Zumindest hat sie diesmal nicht zugewartet: Beatrix Karl machte den Suizid eines 18-Jährigen in der Jugendhaft selbst publik. Vielleicht deshalb, weil nicht mit großer Kritik zu rechnen war. Denn nach bisherigem Wissensstand handelte die Anstaltsleitung richtig. Der Jugendliche war psychiatrisch versorgt.
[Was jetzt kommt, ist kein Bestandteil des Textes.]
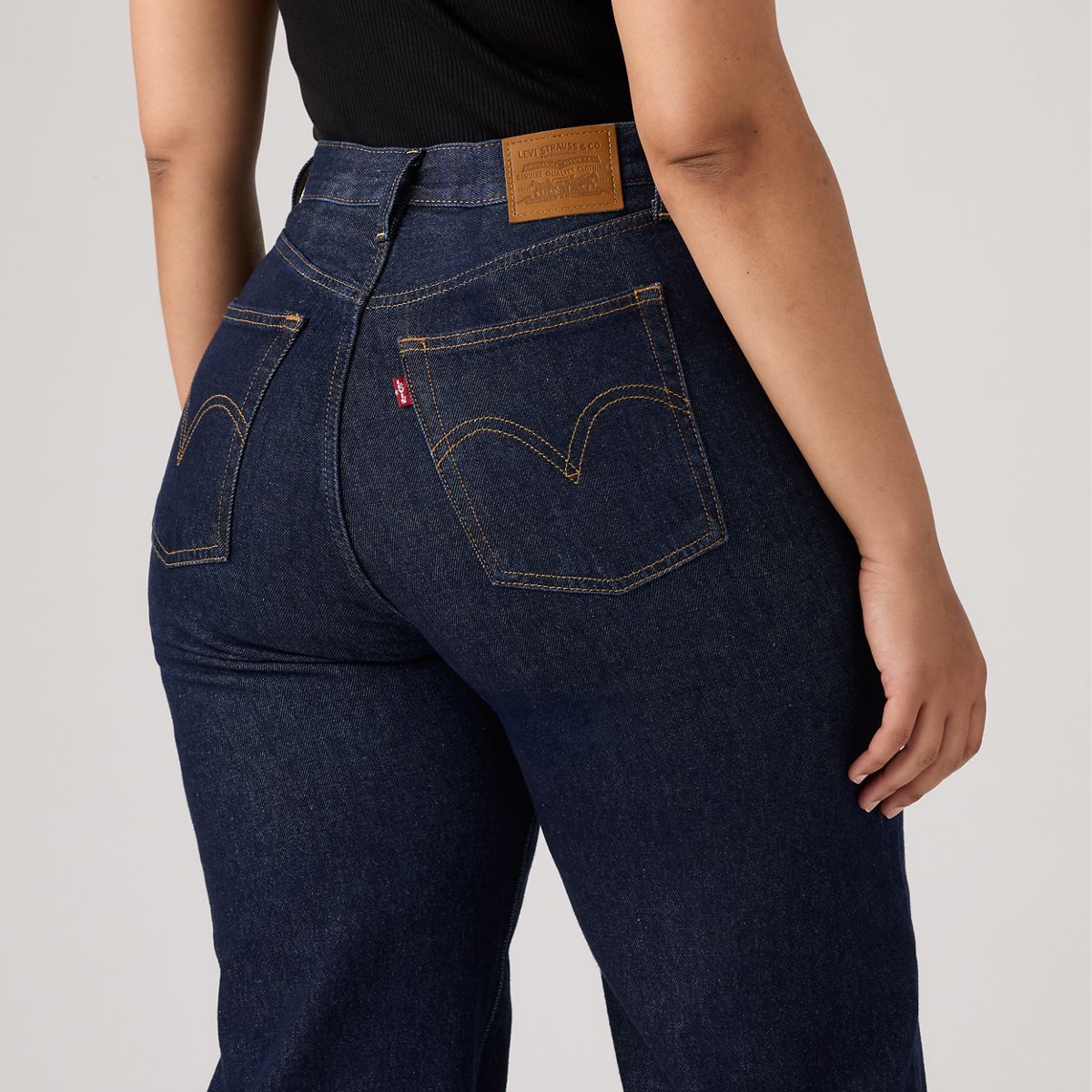 Ribcage Wide-Leg Women's Jeans — Shaded View - Dark Wash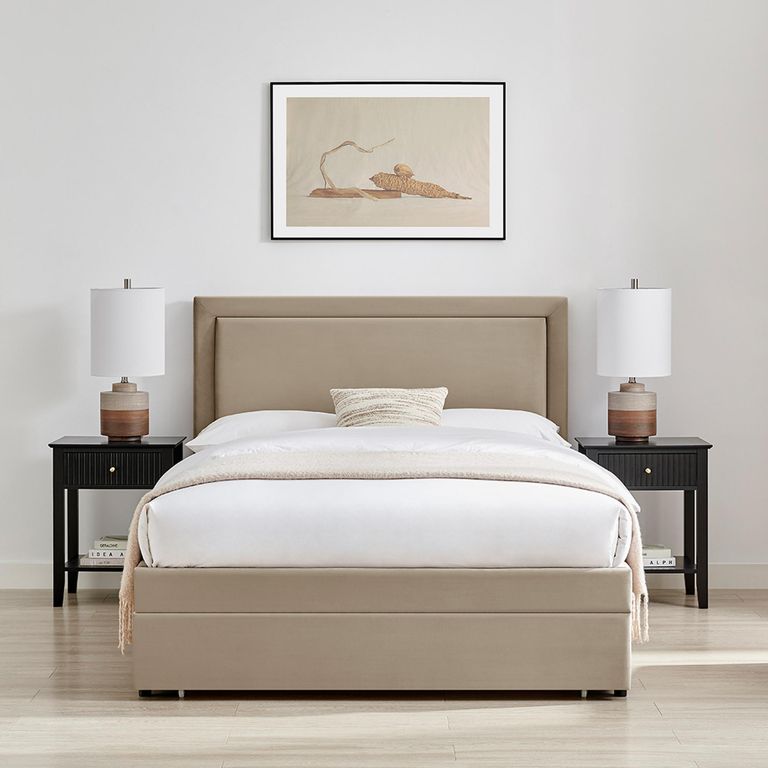 Lawson Storage Bed - 2 Drawer - Taupe Fabric - Sizes Available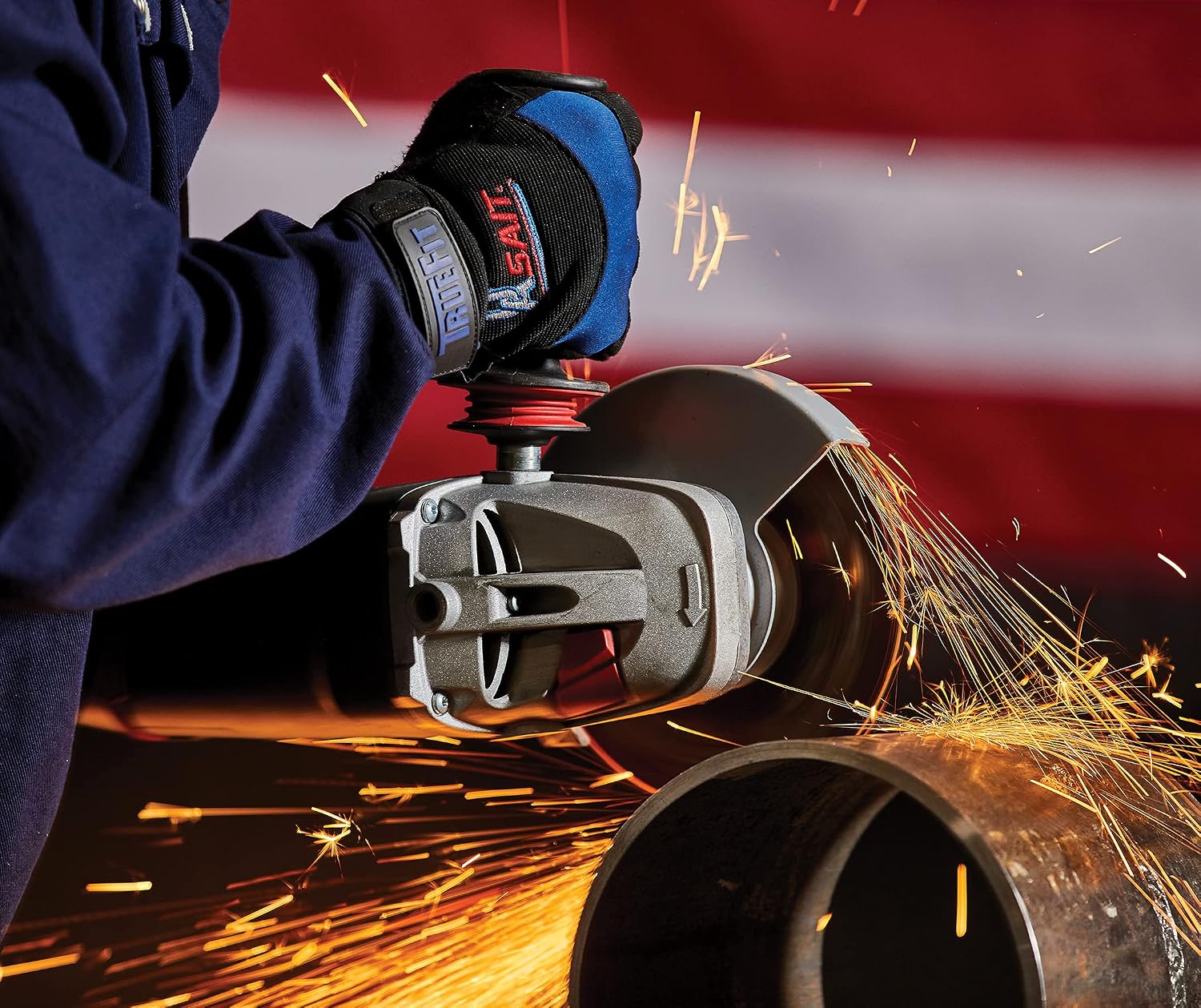 United Abrasives-SAIT 22015 A24R General Purpose Pipeline Wheel (Type 27 Depressed Center) 4' x 1/8' x 5/8', 25-Pack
Trotzdem weist der Fall darauf hin, dass die Debatte über die Haftbedingungen mit Karls angekündigten 25 Maßnahmen nicht vorbei ist. Im Gegenteil: 25 weitere offene Fragen würden leicht zu finden sein, wenn man in diesem wespennestgleichen Thema stochert. Etwa erstens: Laut einer Haftstudie von 2008 waren 90 Prozent der untersuchten Jugendlichen psychisch krank. Aktuell gibt es in Gerasdorf einen Psychiater. Anstatt das als unabänderlich zu beklagen oder als „Luxusproblem“ abzutun, muss man sich ehrlich fragen, was Resozialisierung der Gesellschaft wert ist. Sicherheitsmäßig, volkswirtschaftlich. (Im Sinn der Transparenz sollte Karl auch die Kosten ihrer Maßnahmen vorrechnen.) Parallel zur psychologischen Unterversorgung hat übrigens die Zahl jener im Maßnahmenvollzug stark zugenommen: Immer mehr Menschen werden wegen psychischer Auffälligkeit nach Delikten wie Diebstahl jahrelang angehalten. Auch darüber sollte man reden. Ohne Zuwarten. Ohne Anlassfall.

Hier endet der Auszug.